Discussion in 'Training & Behavior' started by Snifferbiscuits, Mar 16, 2019.

  1. Snifferbiscuits

    Snifferbiscuits Novitiate

    Hi everyone, i have an 11 month old doberman named Linus. He was always snippy as a puppy and he has been through a puppy training class but no matter what we try his aggression seems to be getting worse with age. So much so now we've pretty much had to separate him from the family because hes snapping at my 1 & 4 year old kids. Hes 80 lbs and all muscle so i cant take any risks with him hurting my kids. I dont know what else to do. We're desperate for help but cant afford one of the behavioral issue trainers ive looked into. I dont want to give up on him but this mornong he tore the back of my husbands coat off while he was trying to leave for work. He lunged at me and bit my hand and he is constantly snarling and snapping his teeth at us. If any of you havw any advice PLEASE help! Thank you.

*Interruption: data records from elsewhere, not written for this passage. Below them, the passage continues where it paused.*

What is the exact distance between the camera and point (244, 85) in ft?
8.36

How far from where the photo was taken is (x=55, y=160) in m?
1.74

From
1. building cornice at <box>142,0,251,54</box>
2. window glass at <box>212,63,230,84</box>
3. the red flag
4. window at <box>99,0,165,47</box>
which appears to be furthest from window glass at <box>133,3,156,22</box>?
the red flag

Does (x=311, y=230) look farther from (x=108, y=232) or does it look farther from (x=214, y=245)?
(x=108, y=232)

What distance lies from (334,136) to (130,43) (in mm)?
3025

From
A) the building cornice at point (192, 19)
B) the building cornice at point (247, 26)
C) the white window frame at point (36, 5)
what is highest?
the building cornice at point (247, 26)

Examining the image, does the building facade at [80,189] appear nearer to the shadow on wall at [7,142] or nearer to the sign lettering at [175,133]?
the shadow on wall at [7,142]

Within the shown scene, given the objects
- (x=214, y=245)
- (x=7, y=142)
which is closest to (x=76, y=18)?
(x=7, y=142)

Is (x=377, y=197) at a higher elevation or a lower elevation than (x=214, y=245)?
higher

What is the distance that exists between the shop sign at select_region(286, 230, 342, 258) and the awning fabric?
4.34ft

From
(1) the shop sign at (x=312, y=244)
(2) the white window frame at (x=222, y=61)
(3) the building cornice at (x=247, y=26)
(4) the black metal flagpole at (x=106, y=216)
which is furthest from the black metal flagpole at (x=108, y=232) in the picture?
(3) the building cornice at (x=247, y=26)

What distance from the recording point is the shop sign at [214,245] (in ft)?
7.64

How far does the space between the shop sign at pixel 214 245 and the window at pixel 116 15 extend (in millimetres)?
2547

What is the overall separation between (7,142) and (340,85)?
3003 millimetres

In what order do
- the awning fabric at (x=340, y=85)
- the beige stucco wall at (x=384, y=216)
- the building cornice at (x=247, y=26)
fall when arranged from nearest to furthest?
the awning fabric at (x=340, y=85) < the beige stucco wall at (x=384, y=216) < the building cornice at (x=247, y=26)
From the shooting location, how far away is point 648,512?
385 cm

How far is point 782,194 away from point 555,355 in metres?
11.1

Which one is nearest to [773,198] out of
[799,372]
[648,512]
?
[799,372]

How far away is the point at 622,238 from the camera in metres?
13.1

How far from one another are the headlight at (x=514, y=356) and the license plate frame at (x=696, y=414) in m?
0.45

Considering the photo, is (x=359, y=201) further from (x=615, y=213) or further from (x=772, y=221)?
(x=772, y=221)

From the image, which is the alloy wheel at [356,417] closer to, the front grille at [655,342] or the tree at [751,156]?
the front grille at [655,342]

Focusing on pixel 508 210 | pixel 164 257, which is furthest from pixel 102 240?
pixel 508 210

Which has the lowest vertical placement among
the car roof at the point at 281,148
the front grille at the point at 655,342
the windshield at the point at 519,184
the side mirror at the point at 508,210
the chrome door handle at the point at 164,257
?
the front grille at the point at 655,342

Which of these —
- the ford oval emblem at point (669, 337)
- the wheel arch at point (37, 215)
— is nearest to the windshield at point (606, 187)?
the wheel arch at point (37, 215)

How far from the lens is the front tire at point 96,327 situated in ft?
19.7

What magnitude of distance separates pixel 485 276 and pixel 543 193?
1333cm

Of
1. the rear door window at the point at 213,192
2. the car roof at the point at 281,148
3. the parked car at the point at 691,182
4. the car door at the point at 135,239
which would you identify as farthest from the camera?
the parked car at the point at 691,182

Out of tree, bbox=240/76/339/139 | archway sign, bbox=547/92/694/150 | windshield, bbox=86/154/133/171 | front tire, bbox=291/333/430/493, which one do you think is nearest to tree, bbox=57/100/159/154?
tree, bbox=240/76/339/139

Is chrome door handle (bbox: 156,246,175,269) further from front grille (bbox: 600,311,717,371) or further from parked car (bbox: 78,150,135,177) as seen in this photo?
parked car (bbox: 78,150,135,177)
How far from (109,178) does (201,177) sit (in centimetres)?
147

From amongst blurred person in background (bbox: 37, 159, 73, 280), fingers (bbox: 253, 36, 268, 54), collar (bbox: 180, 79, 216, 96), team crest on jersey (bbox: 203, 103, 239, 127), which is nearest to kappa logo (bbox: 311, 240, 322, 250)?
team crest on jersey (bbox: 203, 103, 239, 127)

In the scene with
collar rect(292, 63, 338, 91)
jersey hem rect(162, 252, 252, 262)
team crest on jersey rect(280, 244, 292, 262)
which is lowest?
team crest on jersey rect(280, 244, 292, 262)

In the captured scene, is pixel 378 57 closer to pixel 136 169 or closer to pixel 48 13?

    • Empathetic Empathetic x 2
  2. Ddski5

    Ddski5 Hot Topics Subscriber $ Forum Donor $

    I don’t know what kind of puppy training or how much Linus has gotten away with in your household but based upon what you posted, it really seems as if Linus is choosing and doing whatever he pleases- I could be wrong and don’t mean any disrespect.

    It appears since he was a “snippy puppy” that he has been challenging your authority for a long time now and you have not established your Alpha roles. Do you use a crate with Linus or is he free to go?

    If this were me, I would be very disciplined with him and make damn sure I practiced the NILF method (nothing in life is free)- google it. There would be no question in his mind that I am the Alpha and he is to listen to me.

    IMHO, if you do not change this dynamic then the situation will not change and prob continue to get worse.

    Most Dobermans need/require this Alpha leadership. If not given to them, they assume to be the Alpha and wreak havoc in the household. In this situation, it is the owners fault for not providing the correct disciplinary measures rather than the Dobermans fault for being unruly.

    I am not pointing a finger or throwing blame in your direction, just educating if you need to be educated.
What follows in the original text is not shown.